Covering regions for the \(\mathrm{Bin}\left(10, 0.50\right)\) distribution. (The plots at the top show two canonical solutions to the 90% smallest coverage region problem; the plots at the bottom show two regions with inadequate/excess coverage probability)

In order to identify all the canonical smallest covering regions (i.e., all solutions to the dual optimisation problem set out above), it is sufficient to compute a single solution, and identify the set of all values in the support that are equiprobable with the least probable value in the canonical smallest covering region (which we will call the “variation set”). This allows us to form other solutions by “swapping out” elements in the variation set in such a way that a fixed number of elements are included. In the example shown in Fig. 2, it would be sufficient to find the solution shown in the top-left plot (which includes \(x=2\) but excludes \(x=8\)), but also identify the variation set composed of the elements \(x=2\) and \(x=8\). The latter solution can then be obtained by swapping the points in the variation set to yield the region shown in the top-right of the figure. In general, if there are \(n\) values in the variation set and \(r\) of these values must be included to obtain the minimum coverage probability of the region then there will be \(\left(\genfrac{}{}{0pt}{}{n}{r}\right)\) solutions to the optimisation problem. All of these solutions have the same coverage probability and the same size, so none is statistically more favourable than another. Indeed, statistical prediction problems usually require only a single solution to the problem, and so it is usual that we would not need to compute all solutions.

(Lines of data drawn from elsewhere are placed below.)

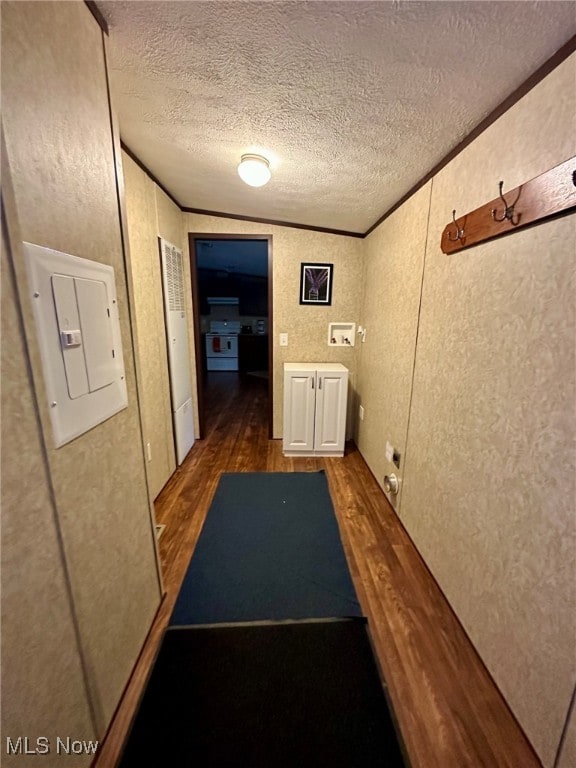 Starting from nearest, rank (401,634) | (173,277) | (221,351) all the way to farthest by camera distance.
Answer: (401,634) < (173,277) < (221,351)

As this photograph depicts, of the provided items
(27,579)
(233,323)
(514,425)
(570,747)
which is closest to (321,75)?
(514,425)

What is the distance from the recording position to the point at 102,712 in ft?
2.95

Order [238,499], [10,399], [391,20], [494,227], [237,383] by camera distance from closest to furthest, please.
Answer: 1. [10,399]
2. [391,20]
3. [494,227]
4. [238,499]
5. [237,383]

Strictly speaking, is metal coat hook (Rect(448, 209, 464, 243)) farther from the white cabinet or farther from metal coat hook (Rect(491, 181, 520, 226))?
the white cabinet

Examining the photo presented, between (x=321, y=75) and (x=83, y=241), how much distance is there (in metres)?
1.00

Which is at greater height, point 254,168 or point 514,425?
point 254,168

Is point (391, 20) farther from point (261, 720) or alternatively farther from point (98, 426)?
point (261, 720)

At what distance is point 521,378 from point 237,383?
Answer: 17.2ft

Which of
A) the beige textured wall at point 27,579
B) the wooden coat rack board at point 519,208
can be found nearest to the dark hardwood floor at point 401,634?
the beige textured wall at point 27,579

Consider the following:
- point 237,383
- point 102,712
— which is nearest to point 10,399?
point 102,712

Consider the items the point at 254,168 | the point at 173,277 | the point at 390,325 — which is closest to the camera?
the point at 254,168

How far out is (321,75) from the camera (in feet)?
3.31

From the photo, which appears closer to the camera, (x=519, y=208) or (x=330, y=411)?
(x=519, y=208)

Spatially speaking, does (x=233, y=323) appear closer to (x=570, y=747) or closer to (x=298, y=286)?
(x=298, y=286) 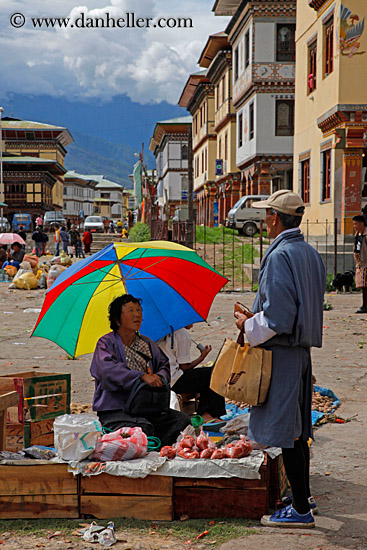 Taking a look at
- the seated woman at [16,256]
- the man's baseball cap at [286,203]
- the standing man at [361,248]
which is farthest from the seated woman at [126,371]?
the seated woman at [16,256]

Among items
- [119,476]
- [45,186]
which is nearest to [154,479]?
[119,476]

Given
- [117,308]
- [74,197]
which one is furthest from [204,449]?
[74,197]

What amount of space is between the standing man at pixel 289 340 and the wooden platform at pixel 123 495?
8.5 inches

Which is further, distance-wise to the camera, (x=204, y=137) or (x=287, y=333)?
(x=204, y=137)

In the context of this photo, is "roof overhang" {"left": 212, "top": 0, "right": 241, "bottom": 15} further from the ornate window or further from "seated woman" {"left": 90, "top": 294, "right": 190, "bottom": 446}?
"seated woman" {"left": 90, "top": 294, "right": 190, "bottom": 446}

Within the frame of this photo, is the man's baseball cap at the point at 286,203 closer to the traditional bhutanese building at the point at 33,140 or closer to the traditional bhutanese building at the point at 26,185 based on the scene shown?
the traditional bhutanese building at the point at 26,185

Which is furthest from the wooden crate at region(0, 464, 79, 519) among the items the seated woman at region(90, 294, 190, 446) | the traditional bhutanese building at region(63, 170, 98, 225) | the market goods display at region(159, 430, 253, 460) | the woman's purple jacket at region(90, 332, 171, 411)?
the traditional bhutanese building at region(63, 170, 98, 225)

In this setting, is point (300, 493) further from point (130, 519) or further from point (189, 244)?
point (189, 244)

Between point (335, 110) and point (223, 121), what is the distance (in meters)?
20.4

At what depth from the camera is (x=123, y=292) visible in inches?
241

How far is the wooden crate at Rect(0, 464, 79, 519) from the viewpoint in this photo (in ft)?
14.3

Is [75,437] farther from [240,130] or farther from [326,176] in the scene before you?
[240,130]

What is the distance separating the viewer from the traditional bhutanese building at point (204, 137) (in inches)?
1813

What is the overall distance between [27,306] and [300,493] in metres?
13.5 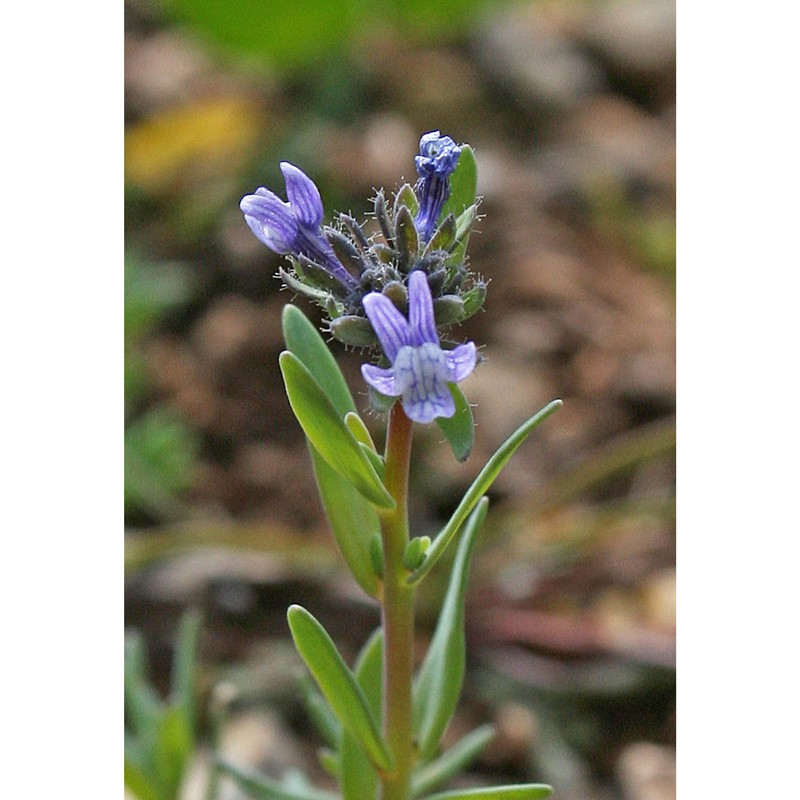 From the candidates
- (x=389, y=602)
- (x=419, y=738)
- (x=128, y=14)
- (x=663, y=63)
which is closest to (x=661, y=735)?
(x=419, y=738)

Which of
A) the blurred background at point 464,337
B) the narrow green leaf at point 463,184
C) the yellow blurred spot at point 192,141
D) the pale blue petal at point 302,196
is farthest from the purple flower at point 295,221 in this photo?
the yellow blurred spot at point 192,141

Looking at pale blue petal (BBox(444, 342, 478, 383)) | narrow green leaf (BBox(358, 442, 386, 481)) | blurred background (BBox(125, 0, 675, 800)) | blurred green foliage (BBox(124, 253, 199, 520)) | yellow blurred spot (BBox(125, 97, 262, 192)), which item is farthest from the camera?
yellow blurred spot (BBox(125, 97, 262, 192))

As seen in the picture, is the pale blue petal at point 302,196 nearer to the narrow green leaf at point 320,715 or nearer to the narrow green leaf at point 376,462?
the narrow green leaf at point 376,462

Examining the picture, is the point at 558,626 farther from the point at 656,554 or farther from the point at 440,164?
the point at 440,164

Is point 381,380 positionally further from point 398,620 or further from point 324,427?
point 398,620

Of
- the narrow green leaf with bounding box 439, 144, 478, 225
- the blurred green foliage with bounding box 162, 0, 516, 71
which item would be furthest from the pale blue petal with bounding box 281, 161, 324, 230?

3 One-at-a-time iterative method for computing CSCR/HDR

We have already noted that the optimisation problem for the discrete CSCR/HDR is a variant of the classical “0–1 knapsack problem”, which is a weak NP-hard problem. This optimisation problem has several variants in the literature and a number of exact and approximate solution methods (for an overview, see Martello and Toth 1990; Pisinger 2005). As a prelude to our discussion of the present optimisation of interest, we begin with a brief excursion into the general mathematical methods that have been used to solve that problem. There are a range of well-known algorithms for computing the optimising set in the classical problem.

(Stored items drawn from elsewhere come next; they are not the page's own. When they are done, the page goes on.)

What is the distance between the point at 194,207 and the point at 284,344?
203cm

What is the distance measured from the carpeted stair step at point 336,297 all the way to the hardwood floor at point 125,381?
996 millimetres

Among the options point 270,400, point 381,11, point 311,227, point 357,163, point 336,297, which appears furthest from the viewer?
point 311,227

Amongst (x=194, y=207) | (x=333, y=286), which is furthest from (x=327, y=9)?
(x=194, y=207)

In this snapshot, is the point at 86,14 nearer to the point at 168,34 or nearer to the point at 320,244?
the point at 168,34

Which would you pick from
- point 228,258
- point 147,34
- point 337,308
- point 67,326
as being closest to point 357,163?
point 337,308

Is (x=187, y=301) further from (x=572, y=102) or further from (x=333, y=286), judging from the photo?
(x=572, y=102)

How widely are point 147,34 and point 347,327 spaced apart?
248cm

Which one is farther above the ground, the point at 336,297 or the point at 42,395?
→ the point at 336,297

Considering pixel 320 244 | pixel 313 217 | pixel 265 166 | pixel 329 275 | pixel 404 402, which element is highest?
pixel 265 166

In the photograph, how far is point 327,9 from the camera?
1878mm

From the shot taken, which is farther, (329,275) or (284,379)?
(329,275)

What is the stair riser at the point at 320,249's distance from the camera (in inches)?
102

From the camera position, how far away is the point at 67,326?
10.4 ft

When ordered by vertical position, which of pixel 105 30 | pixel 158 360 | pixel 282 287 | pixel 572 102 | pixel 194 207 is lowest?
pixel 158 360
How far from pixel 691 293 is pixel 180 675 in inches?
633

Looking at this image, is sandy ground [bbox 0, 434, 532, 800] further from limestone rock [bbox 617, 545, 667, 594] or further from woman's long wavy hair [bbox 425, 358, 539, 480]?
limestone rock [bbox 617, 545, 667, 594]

Markov Chain Monte Carlo (MCMC) methods can be used to give approximate solutions for the knapsack problem. One approach to the optimisation is the use of “simulated annealing” which is a stochastic optimisation method similar to the Metropolis–Hastings MCMC method. The simulated annealing method explores the surface of the objective function stochastically using the Metropolis acceptance-rejection method. The algorithm terminates when the average change in the objective function is small, when it rejects a large number of consecutive points, or at other stopping conditions such as a maximum number of total iterations or running time. The simulated annealing method can be “parallelised” by producing parallel runs of candidate points and exchanging solution information either at all or occasional iterations. Regular and parallel simulated annealing in the 0–1 knapsack problem have been examined in a number of papers, and has been subjected to comparative analysis with other methods (see e.g., Lin et al. 1993; Sonuc et al. 2016; de Almeida Dantas and Cáceres 2018; Moradi et al. 2021).

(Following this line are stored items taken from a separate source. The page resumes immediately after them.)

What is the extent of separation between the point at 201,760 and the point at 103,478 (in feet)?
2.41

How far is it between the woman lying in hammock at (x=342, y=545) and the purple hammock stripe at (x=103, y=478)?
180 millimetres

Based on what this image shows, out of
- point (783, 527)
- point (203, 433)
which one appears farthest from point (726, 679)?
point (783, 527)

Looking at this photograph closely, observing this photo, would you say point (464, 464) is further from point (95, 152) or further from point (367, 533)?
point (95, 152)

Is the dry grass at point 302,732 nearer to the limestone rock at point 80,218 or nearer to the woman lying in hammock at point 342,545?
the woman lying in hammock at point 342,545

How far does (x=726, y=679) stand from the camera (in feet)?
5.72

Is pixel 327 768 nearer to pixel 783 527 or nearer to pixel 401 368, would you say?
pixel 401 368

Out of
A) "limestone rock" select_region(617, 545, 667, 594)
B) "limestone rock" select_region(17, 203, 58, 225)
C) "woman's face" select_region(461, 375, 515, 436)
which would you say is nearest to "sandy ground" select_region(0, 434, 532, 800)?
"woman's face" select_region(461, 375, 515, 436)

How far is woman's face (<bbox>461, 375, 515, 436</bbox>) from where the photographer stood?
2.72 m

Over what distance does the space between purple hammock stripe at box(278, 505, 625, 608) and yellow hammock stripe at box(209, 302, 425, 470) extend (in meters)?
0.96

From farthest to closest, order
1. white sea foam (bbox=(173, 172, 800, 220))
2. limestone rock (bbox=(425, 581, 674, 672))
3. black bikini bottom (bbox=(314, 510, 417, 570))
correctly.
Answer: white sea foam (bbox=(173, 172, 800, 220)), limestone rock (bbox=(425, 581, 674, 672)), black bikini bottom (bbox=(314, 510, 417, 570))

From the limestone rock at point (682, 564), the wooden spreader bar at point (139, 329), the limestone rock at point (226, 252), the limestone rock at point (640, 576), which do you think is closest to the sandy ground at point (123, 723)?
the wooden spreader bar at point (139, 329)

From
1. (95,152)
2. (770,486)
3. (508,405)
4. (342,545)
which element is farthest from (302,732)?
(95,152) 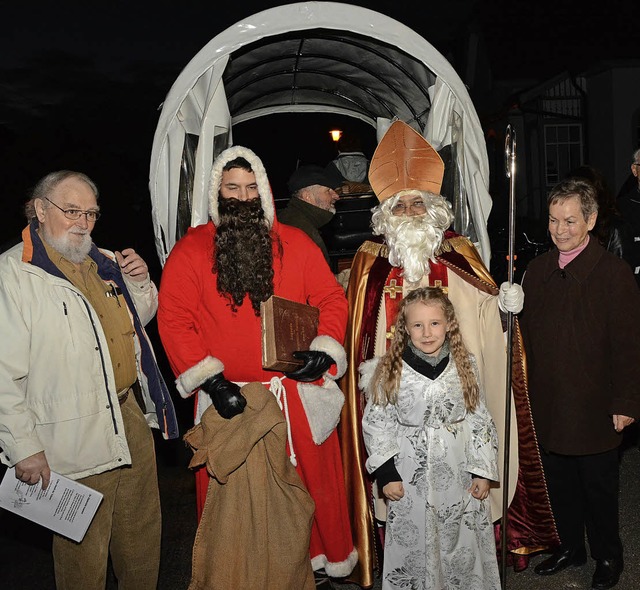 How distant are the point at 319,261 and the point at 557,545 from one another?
214 cm

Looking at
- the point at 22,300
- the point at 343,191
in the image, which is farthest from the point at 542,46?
the point at 22,300

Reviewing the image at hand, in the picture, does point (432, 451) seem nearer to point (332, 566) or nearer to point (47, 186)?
point (332, 566)

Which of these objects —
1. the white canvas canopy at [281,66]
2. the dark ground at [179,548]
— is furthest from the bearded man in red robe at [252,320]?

Another class of methods are “genetic” or “evolutionary” algorithms that solve optimisation problems using a process that mimics evolutionary “natural selection” processes in biology (Goldberg 1998). These algorithms give a stochastic process converging to the solution of an optimisation problem by simulating an evolution where each iteration in the search space is treated as a “generation” that evolves using either a fitness function or some other evolutionary specification. The broad nature of this method leads to a variety of specific algorithms. Genetic algorithms have been applied to a range of knapsack problems (see e.g., Khuri et al. 1994; Chu and Beasley 1998; Gupta and Garg 2009; Changdar et al. 2015; Rezoug et al. 2018; Ali et al. 2021).

The stochastic nature of these algorithms means they are not guaranteed to produce an exact solution, but the discrete search space for the 0–1 knapsack problem has a non-zero probability of an exact solution.Footnote 3 Dynamic programming methods can be used to solve the 0–1 knapsack problem, by breaking the optimisation problem down into recursive steps involving simpler problems (usually with heavier constraints). Dynamic programming has been used to solve the 0–1 knapsack problem (see e.g., Martello et al. 1999). Other exact algorithms are available for the classical version of the problem (Martello et al. 2000). Unfortunately, existing methods of this kind are only available when the weight capacity is known in advance, and the set of items is finite, which is not the case in our problem.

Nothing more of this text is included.